What needs to be done: Go through the listing below and retype exactly the lines starting at the one with "- 彩色 - 查看 3" and ending at the one with "Boxing Half Finger", skipping pictures.

Input data:
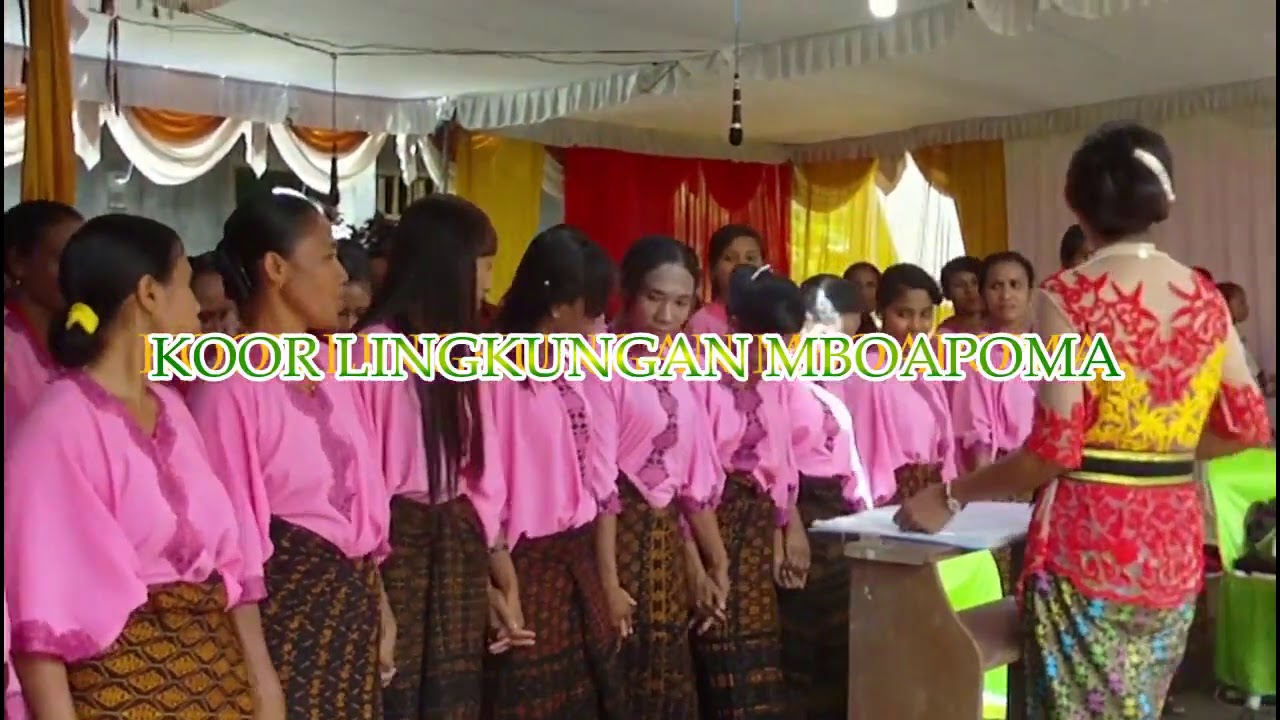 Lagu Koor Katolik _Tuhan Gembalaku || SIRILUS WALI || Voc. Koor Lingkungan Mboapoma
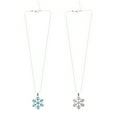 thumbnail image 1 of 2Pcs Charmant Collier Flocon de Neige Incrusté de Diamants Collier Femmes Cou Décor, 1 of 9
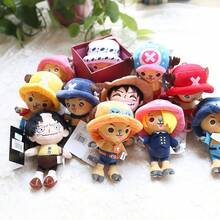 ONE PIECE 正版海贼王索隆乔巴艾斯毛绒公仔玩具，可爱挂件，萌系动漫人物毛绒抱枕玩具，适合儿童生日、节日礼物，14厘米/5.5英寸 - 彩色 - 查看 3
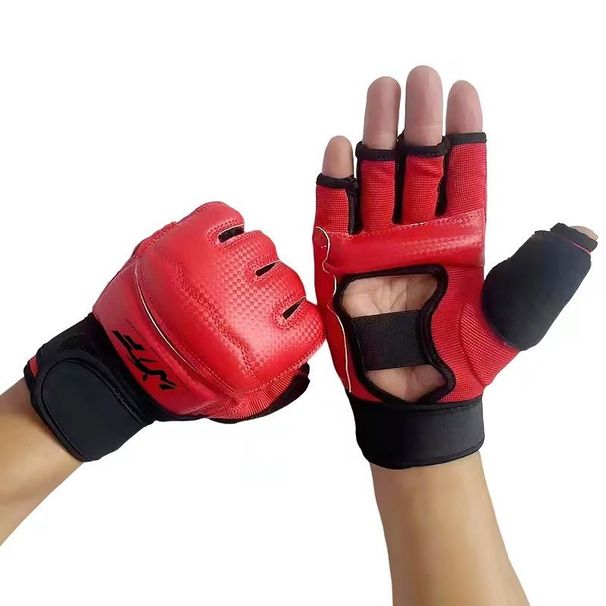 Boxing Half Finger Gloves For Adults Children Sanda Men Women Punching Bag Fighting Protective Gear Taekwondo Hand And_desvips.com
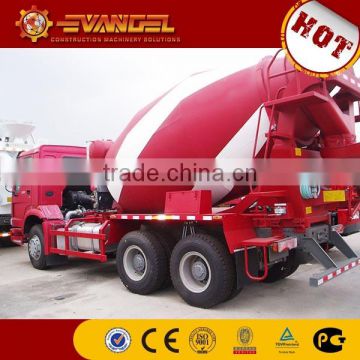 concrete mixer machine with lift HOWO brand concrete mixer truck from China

Answer to this exercise:
 ONE PIECE 正版海贼王索隆乔巴艾斯毛绒公仔玩具，可爱挂件，萌系动漫人物毛绒抱枕玩具，适合儿童生日、节日礼物，14厘米/5.5英寸 - 彩色 - 查看 3
 Boxing Half Finger Gloves For Adults Children Sanda Men Women Punching Bag Fighting Protective Gear Taekwondo Hand And_desvips.com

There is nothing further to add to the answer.